Founders’ Expertise and Early Development
While Canadian hospitals typically utilize fewer than 20 AI tools, with Trillium employing 13, the number is significantly higher in the U.S., with Mount Sinai using 120. Mr. Poutanen anticipates that leading hospitals could eventually deploy over 1,000 AI tools.
The development of the AIMS platform was not accidental. The founders brought extensive industry expertise. Ms. Lederman, formerly a business professor at the University of Toronto’s Rotman School of Management and a leader at the Creative Destruction Lab, took a leave of absence and later resigned her tenured position to dedicate herself to Signal 1, though she remains an adjunct professor. Mr. Poutanen is recognized as a leading AI entrepreneur in Canada. His academic background includes computer engineering studies at the University of Toronto under Professor Geoffrey Hinton, a future Nobel laureate. In 2017, he co-authored Canada’s inaugural AI policy and co-founded the Vector Institute in Toronto, a non-profit dedicated to AI research. Toronto Dominion Bank acquired his startup, Layer 6 AI, in 2018, appointing him chief AI officer. In this role, he was instrumental in fostering trust among bank executives and regulators to support the development of numerous AI tools, including those for high-risk applications like credit underwriting.
“We built a lot of capability around monitoring and ensuring the AI algorithm was running properly and not introducing bias,” Mr. Poutanen shared. “The health-care market had no comparable solution. We built that from day one” at Signal 1, drawing heavily on his experience at TD Bank.
Signal 1 secured US$10-million in seed funding from investors including Inovia Capital, TD, Professor Hinton, and Radical Ventures, where Mr.

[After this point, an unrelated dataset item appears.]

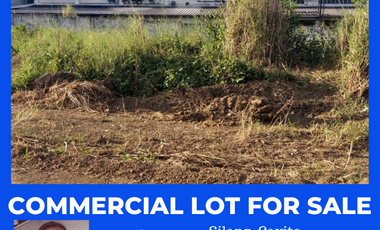 334 SQM Commercial Lot for Sale in Silang near CALAX & Ayala CBD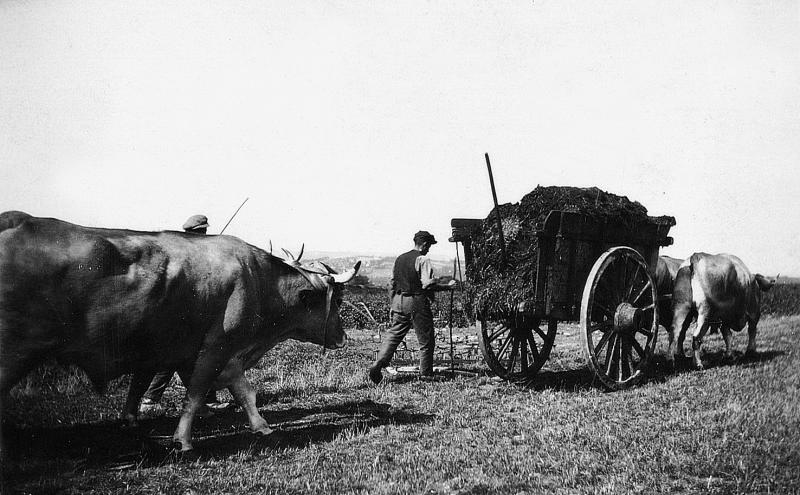 Charroi (carreg) de fumier (fems) avec tombereau (tombarèl) et paires de bovidés (parelhs), à La Coste, 1936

Poutanen is a partner. The company initially focused on commercializing an intervention care tool developed at Toronto’s St. Michael’s Hospital. However, its underlying platform proved to be the most compelling offering for hospitals as they integrated AI into their operations. Trillium Health Partners sought a Canadian partner to support and monitor its various AI applications, becoming Signal 1’s first platform client in December 2024. Recognizing the rapid evolution of AI, Trillium aimed for “infrastructure to plug in solutions as they evolve,” according to Dr. Sabbah, rather than committing to specific applications.
A pivotal moment occurred at a Signal 1 offsite meeting in March 2025, where founders debated the company’s strategic direction: “Do we go all in on the platform or on applications,” Mr. Poutanen recounted. He described the period as “stressful. We were stretched thin. The market was confused about our identity.”
The decision to focus on the AIMS platform appears to have been prescient. The company’s revenue is now reportedly in the mid-single-digit millions annually, and Mr. Poutanen stated, “our business has been on a rocket ship ever since.”